_Exercise instructions:_ Look through the data below and extract, unchanged, the lines from the one that contains "Dettaglio borsa a" to the one that contains "A Biedermeier style", both included.

Saved entries:
****

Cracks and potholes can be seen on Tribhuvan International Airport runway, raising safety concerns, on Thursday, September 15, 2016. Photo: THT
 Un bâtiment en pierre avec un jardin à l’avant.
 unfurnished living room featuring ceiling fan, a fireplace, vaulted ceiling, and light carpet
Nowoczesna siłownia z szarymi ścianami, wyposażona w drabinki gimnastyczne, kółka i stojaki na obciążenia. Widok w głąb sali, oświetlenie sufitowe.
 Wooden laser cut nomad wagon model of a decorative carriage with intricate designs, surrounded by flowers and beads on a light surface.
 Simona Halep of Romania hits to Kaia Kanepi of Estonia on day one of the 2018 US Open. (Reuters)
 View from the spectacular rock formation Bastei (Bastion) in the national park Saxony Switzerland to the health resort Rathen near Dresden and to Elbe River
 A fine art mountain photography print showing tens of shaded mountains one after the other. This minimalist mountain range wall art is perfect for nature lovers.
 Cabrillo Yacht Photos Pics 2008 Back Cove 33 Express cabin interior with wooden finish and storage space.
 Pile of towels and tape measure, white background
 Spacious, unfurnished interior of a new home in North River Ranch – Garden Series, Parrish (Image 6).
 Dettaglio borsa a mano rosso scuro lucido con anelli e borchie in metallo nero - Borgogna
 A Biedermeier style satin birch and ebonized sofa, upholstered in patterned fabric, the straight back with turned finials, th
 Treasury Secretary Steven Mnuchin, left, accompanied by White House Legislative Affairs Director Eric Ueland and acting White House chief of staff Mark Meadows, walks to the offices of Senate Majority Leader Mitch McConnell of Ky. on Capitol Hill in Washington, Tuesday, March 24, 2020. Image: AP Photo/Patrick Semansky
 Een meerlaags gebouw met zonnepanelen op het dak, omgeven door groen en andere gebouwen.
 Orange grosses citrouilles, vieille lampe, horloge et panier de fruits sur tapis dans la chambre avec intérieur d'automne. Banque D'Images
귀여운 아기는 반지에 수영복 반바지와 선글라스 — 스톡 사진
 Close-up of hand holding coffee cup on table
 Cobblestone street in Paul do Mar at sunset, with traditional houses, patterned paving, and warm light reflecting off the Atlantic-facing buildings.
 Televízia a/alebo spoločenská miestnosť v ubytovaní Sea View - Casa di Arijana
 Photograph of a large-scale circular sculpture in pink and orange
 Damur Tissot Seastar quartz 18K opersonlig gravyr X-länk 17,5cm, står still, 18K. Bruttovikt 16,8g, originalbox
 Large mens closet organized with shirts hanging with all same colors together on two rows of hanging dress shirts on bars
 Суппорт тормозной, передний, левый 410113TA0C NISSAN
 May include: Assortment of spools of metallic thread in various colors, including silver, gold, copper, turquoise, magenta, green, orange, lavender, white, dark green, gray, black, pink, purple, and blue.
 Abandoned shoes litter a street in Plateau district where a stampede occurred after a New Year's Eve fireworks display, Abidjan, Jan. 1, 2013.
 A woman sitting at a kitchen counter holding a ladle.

****

_Reply:_
 Dettaglio borsa a mano rosso scuro lucido con anelli e borchie in metallo nero - Borgogna
 A Biedermeier style satin birch and ebonized sofa, upholstered in patterned fabric, the straight back with turned finials, th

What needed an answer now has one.